I can’t possibly deny how amusing the movie was. The story board is exciting even when the concept of it—being vampires and supernaturalism—is often deemed generally likable. And yes, I admit it is a genre with a lot of followers, because I think most of us can agree that when there’s a vampire in play, it’s already intriguing from the get go. Nevertheless, I must say I enjoyed the world-construction that took place in Vampire Academy. They’d compromised the common concept of vampires and given it more variety and structure—for instance, breeds and identities.
Although, there are some things I quite dislike that I feel I must point out; one of them being the egocentrism of the main character. She—as the main protagonist—is someone whom I actually find pretty self-regarding. She doesn’t exemplify the type that a protagonist usually does. Not to say that being different is bad, but to me she appears extremely cold and selfish; pushing people away and maltreating them. I loathe how she treats other characters (especially the one played by Sarah Hyland). Another thing is that I find several scenes to be rather gruesome and that the main character seems like an utter boy-magnet; enticing almost every guy she comes in contact with.

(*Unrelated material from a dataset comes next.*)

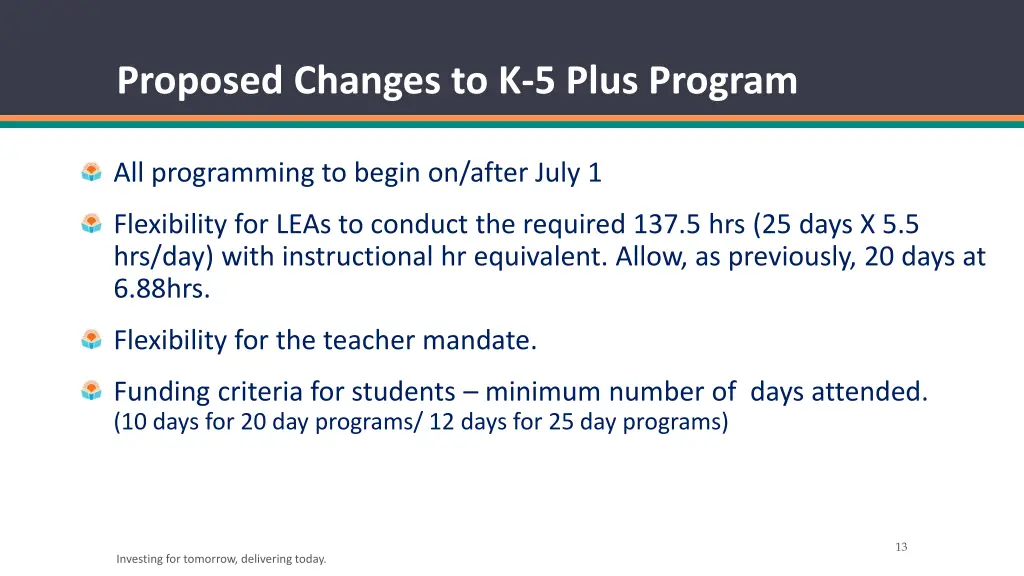 proposed changes to k 5 plus program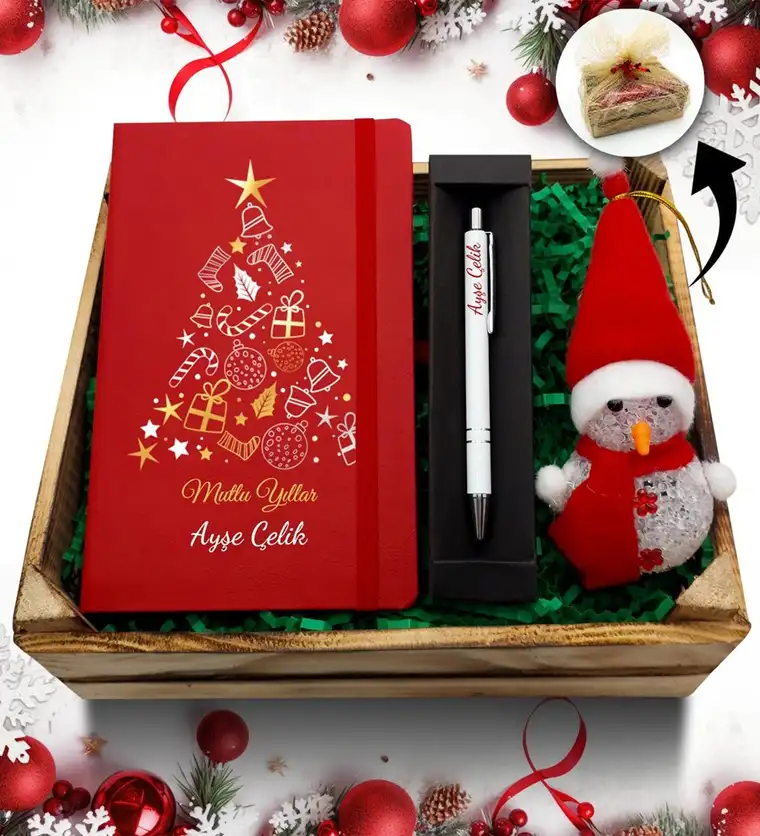 Iğdır Kasa İçerisinde Kardan Adam & Kişiye Özel Kırmızı Defter & Kalem Hediye Seti Siparişi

Teenager Rose Hathaway (Zoey Deutch) is a Dhampir — a human/vampire hybrid. Her best friend is Lissa Dragomir (Lucy Fry), a princess of the Moroi — mortal, peaceful vampires. Both teens attend St. Vladamir’s Academy, a secret haven for those like them. Rose trains with a handsome mentor (Danila Kozlovsky) to guarantee her place as Lissa’s guardian — although she may have to sacrifice everything to protect Lissa from enemies both within St. Vladamir’s walls and outside them.